The games console: "Reports of my death are greatly exaggerated"
On the day when the Nintendo 3DS and Apple's iPad 2 are released it seems to appropriate to examine the idea that games consoles are on their way out.
Taking on the big boys
The rise of casual games has recently been attributed to the success of the iPhone and iPad. Apple has made major efforts to market their devices as a gaming platform as well as for their various other uses. 'Angry Birds' was reportedly the most played game of 2010, yet didn't make it to a games console until Early 2011, and is still yet to be released for Nintendo DS, a system which remains the best selling console ever (over 135 million sold).
It is this trend that has led to some tech bloggers to announce the 'death' of the traditional games console, predicting a swift demise for the traditional games consoles. This flies in the face of perhaps the best indicator of market health - sales.
Nintendo's Wii, which has been at the forefront of bringing casual games to the living room, sold 20 million units last year. Microsoft's Xbox 360 add-on Kinect sold 8 million units in it's first 60 days of release, leading Microsoft to declare 2010 their best year ever. Sony's Playstation 3 has quietly sold almost 50 million units since it's release, an impressive figure which nevertheless puts it behind the Wii and Xbox in terms of global sales. These are not the sales figures of a dying industry.

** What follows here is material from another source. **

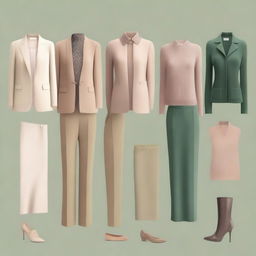 A high-quality digital art image displaying a collection of old money outfits for women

Casual vs Hardcore: the false argument
Much has been made of the idea of the casual gamer replacing the 'hardcore' gamer. The latter phrase brings to mind a mental image of a teenager boy shooting at people/aliens/zombies for hours alone in a dark room, whereas the former might include a group of children playing 'Just Dance' or someone playing 'Angry Birds' on the bus.
Yet the 'hardcore' gamer is something of an internet myth; a product of people arguing about who's console is best based on arbitrary statistics like processors and polygons rather than actual games played.
The mass media has failed to cotton on to the idea that video games are now as popular a medium as films. Last year the Xbox 360 and PS3 title 'Call of Duty: Black Ops' was declared the 'best selling entertainment title of all time' after it's opening week sales hit $360 million, easily beating the figures set by the blockbuster films like 'Avatar' and 'Dark Night Returns'. Yet traditional news outlets still treat games and gamers as the preserve of a few geeks, rather than the mass entertainment form they have become.
The focus on the technology pages of these publications remains on items likes the iPhone and it's smartphone brethren, and of course the iPad and it's tablet friends, 'gadgets' as they are increasingly known. The release of the 3DS is making great waves in the gaming world, yet it is new news to the average consumer, who may have only heard of it this week when the adverts appeared promising glasses-free 3D.
A change in focus
The big names in gaming have not rested on their laurels in the face of completion from the smartphone market.
The Xbox 360 boasts a whole range of entertainment in it's newer models,offering instant access to films, TV and music in addition to it's more traditional gaming, as well as following Nintendo into the 'casual' market with Kinect's motion sensing technology. Sony have done much the same with the Playstation 3, offering film streaming and their own motion sensing controller.
Nintendo's DSi and Sony's PSP Go can be seen as a direct response to the success of smartphone games, both offering internet access, downloadable content and non-game apps, a move which Nintendo are continuing with 3DS.
Gaming remains the primary function of these devices but the three home consoles have all made the move from bedroom to living room in the last few years, sharing space with digital receivers and in some cases replacing DVD players (and indeed Blu-Ray players in the case of PS3).
Surviving the onslaught
In the face of massive sales of smartphones and the like, and a recession, console sales have remained fairly healthy. Accroding to VGChartz.com worldwide console sales were over 1 million last week, and the current generation of home consoles and handhelds has racked up half a billion total sales. Even with some people owning more than one console that's a lot of gamers. Remarkably the PS2 sold over 50,000 units last week, despite being more than 10 years old.
Smartphone sales are harder to gauge, what with the nature of mobile phone contracts and the increased likelyhood of loss and breakage, but from a perusal of sales figures it is reasonable to assume there are over 100 million in use. Add to this iPad and iPod touch sales and the figure is probably around the 200 million mark as a conservative estimate.
Room at the top
There is room in the modern living room for all of these items. An iPhone no more replaces a DS than and iPad replaces a PC (which I haven't even touched upon) - they have some similarities but their differences are what make them desirable.
In conclusion it is clear that consoles are in rude health, and that the success of the smartphone and touchscreen tablet has not harmed the big names in gaming. Nintendo, Microsoft and Sony continue their march into our living rooms, and, rather than being a block, the casual gamer can only facilitate this move.